Short descriptive text snippets:
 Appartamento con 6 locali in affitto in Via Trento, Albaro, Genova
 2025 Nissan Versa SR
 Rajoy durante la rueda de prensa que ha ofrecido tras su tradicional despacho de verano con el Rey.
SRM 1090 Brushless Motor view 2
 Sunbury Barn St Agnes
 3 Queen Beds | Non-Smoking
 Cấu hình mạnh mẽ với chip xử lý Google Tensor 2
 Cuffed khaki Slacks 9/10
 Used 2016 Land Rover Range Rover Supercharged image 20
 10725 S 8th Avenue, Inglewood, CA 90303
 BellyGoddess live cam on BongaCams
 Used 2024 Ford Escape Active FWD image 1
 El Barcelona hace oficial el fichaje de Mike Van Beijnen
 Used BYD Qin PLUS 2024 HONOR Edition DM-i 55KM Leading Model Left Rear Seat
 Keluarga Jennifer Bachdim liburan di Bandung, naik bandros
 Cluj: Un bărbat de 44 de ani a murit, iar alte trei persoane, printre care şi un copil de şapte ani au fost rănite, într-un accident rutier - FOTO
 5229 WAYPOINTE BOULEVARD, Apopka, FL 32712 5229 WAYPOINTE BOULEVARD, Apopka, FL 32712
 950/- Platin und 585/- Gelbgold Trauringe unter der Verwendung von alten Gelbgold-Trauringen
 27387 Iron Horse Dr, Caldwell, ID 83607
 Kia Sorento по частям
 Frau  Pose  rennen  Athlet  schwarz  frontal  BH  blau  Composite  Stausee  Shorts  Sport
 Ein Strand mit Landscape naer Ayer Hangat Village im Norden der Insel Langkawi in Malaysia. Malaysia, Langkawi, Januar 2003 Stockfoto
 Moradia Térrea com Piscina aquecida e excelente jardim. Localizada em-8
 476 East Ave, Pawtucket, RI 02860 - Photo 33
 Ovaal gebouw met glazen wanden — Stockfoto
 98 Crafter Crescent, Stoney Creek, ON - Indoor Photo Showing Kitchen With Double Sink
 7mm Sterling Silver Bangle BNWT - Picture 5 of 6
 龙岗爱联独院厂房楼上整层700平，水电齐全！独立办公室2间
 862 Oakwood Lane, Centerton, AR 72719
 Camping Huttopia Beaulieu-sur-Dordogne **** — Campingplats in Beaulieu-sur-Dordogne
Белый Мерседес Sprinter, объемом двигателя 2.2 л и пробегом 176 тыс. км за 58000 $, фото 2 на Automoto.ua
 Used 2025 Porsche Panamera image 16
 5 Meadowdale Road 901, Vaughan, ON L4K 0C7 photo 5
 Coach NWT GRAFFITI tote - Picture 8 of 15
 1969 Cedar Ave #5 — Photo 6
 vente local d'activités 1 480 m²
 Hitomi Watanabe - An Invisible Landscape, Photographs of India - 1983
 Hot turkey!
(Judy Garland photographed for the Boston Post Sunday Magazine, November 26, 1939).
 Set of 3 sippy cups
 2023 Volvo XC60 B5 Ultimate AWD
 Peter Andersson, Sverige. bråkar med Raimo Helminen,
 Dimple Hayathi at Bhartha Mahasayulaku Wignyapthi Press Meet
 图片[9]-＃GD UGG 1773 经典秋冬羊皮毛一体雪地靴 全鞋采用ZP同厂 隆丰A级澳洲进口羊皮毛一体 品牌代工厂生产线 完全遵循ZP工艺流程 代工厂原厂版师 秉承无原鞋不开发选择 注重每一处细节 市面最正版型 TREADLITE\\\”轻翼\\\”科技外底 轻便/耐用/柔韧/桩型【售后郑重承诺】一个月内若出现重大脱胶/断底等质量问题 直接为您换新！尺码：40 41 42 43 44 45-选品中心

*WHAT THE EXERCISE ASKS*
Repeat all of the entries above exactly.

*RESPONSE BOX*
 Appartamento con 6 locali in affitto in Via Trento, Albaro, Genova
 2025 Nissan Versa SR
 Rajoy durante la rueda de prensa que ha ofrecido tras su tradicional despacho de verano con el Rey.
SRM 1090 Brushless Motor view 2
 Sunbury Barn St Agnes
 3 Queen Beds | Non-Smoking
 Cấu hình mạnh mẽ với chip xử lý Google Tensor 2
 Cuffed khaki Slacks 9/10
 Used 2016 Land Rover Range Rover Supercharged image 20
 10725 S 8th Avenue, Inglewood, CA 90303
 BellyGoddess live cam on BongaCams
 Used 2024 Ford Escape Active FWD image 1
 El Barcelona hace oficial el fichaje de Mike Van Beijnen
 Used BYD Qin PLUS 2024 HONOR Edition DM-i 55KM Leading Model Left Rear Seat
 Keluarga Jennifer Bachdim liburan di Bandung, naik bandros
 Cluj: Un bărbat de 44 de ani a murit, iar alte trei persoane, printre care şi un copil de şapte ani au fost rănite, într-un accident rutier - FOTO
 5229 WAYPOINTE BOULEVARD, Apopka, FL 32712 5229 WAYPOINTE BOULEVARD, Apopka, FL 32712
 950/- Platin und 585/- Gelbgold Trauringe unter der Verwendung von alten Gelbgold-Trauringen
 27387 Iron Horse Dr, Caldwell, ID 83607
 Kia Sorento по частям
 Frau  Pose  rennen  Athlet  schwarz  frontal  BH  blau  Composite  Stausee  Shorts  Sport
 Ein Strand mit Landscape naer Ayer Hangat Village im Norden der Insel Langkawi in Malaysia. Malaysia, Langkawi, Januar 2003 Stockfoto
 Moradia Térrea com Piscina aquecida e excelente jardim. Localizada em-8
 476 East Ave, Pawtucket, RI 02860 - Photo 33
 Ovaal gebouw met glazen wanden — Stockfoto
 98 Crafter Crescent, Stoney Creek, ON - Indoor Photo Showing Kitchen With Double Sink
 7mm Sterling Silver Bangle BNWT - Picture 5 of 6
 龙岗爱联独院厂房楼上整层700平，水电齐全！独立办公室2间
 862 Oakwood Lane, Centerton, AR 72719
 Camping Huttopia Beaulieu-sur-Dordogne **** — Campingplats in Beaulieu-sur-Dordogne
Белый Мерседес Sprinter, объемом двигателя 2.2 л и пробегом 176 тыс. км за 58000 $, фото 2 на Automoto.ua
 Used 2025 Porsche Panamera image 16
 5 Meadowdale Road 901, Vaughan, ON L4K 0C7 photo 5
 Coach NWT GRAFFITI tote - Picture 8 of 15
 1969 Cedar Ave #5 — Photo 6
 vente local d'activités 1 480 m²
 Hitomi Watanabe - An Invisible Landscape, Photographs of India - 1983
 Hot turkey!
(Judy Garland photographed for the Boston Post Sunday Magazine, November 26, 1939).
 Set of 3 sippy cups
 2023 Volvo XC60 B5 Ultimate AWD
 Peter Andersson, Sverige. bråkar med Raimo Helminen,
 Dimple Hayathi at Bhartha Mahasayulaku Wignyapthi Press Meet
 图片[9]-＃GD UGG 1773 经典秋冬羊皮毛一体雪地靴 全鞋采用ZP同厂 隆丰A级澳洲进口羊皮毛一体 品牌代工厂生产线 完全遵循ZP工艺流程 代工厂原厂版师 秉承无原鞋不开发选择 注重每一处细节 市面最正版型 TREADLITE\\\”轻翼\\\”科技外底 轻便/耐用/柔韧/桩型【售后郑重承诺】一个月内若出现重大脱胶/断底等质量问题 直接为您换新！尺码：40 41 42 43 44 45-选品中心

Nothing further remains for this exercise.